Ich hoffe ihr könnt mir helfen und findet mein Fahler....
danke schonmal fürs anschauen 

LG Jackii


----------



## Robat (1. Okt 2018)

Die Exception fliegt in der Klasse `frage_change` in Zeile 74. Das Problem hier ist, dass dein Feld `quiz` null ist, weil du es nie initialisierst.
Im Konstruktor erstellst du eine gleichnamige, lokale Variable anstatt die Membervariable zu initialisieren.

Off-Topic: Vermeide static und nutzte sinnige/sprechende Zugriffsmodifier (hier private)


----------



## Jackii (2. Okt 2018)

‍♀️ ja die Antwort kann so leicht sein... hab es voll übersehen das der oben null ist.
Danke für deine schnelle Antwort 

habs jetzt doppelt aber das krieg ich hin


----------



## Jackii (2. Okt 2018)

danke


----------



## Jackii (3. Okt 2018)

bisher habe ich alle Probleme gelöst..

das mit dem doppelten Fenster war einfach nur weil ich das Fenster erstellen 2x aufgerufen habe (falls jemand sowas nach programmiert)

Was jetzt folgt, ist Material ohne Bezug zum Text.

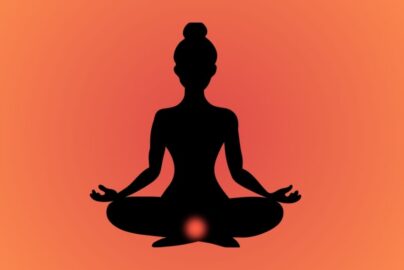 Silhouette of a woman meditating in lotus pose with a glowing red light at the base of the spine, symbolizing the Root Chakra.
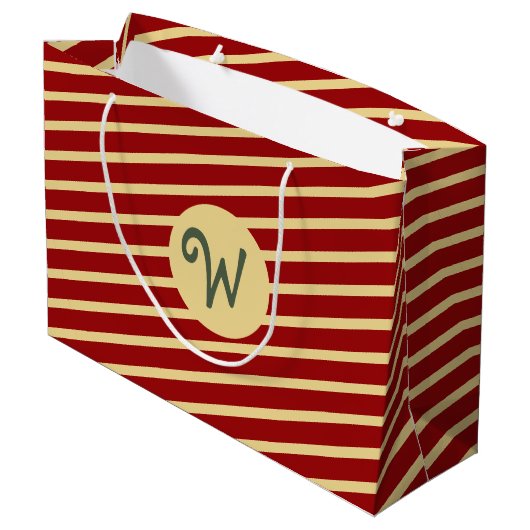 Monogrammed  Golden Stripes op rood Groot Cadeauzakje (Achterkant Gekanteld)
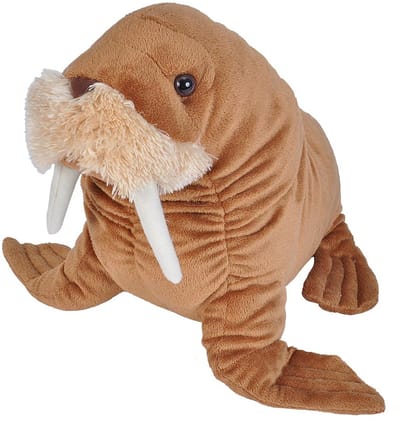 Wild Republic knuffel Walrus - pluche - bruin - 30 cm - zeedieren - knuffeldier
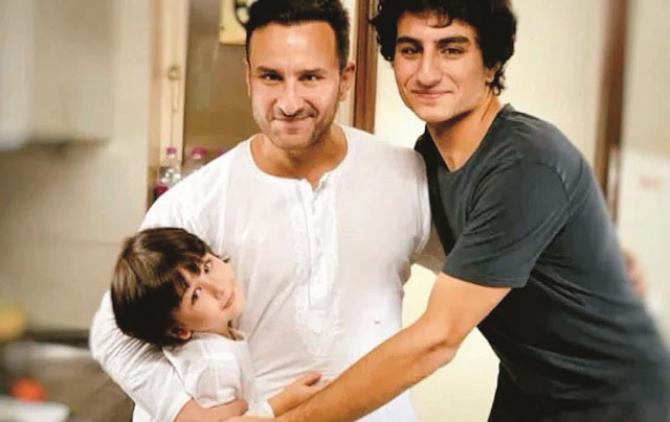 Saif Ali Khan with his sons Ibrahim and Timur.Picture:INN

jetzt hätte ich nur die Frage wie ich am einfachsten keine dopplung ausgebe, ich könnt alle gestellten Fragen in eine Liste speichern und vorher vergleichen aber ich da echt etwas raus...OPs tun dem Kopf nicht gut xD

Java von Kopf bis Fuß hilft auch nicht grade.... habe über 200 Fragen die ich einbinden will, nur der Split bis zum a), b), c) klappt nicht so wie ich das gerne hätte...


----------



## emlyn (3. Okt 2018)

lokale Variable anstatt die Membervariable zu initialisieren.


----------



## Jackii (4. Okt 2018)

emlyn hat gesagt.:


> lokale Variable anstatt die Membervariable zu initialisieren.


das pack ich dann in der Klasse fragen rein, pack ich das am besten vor oder nach dem Zufall rein?


----------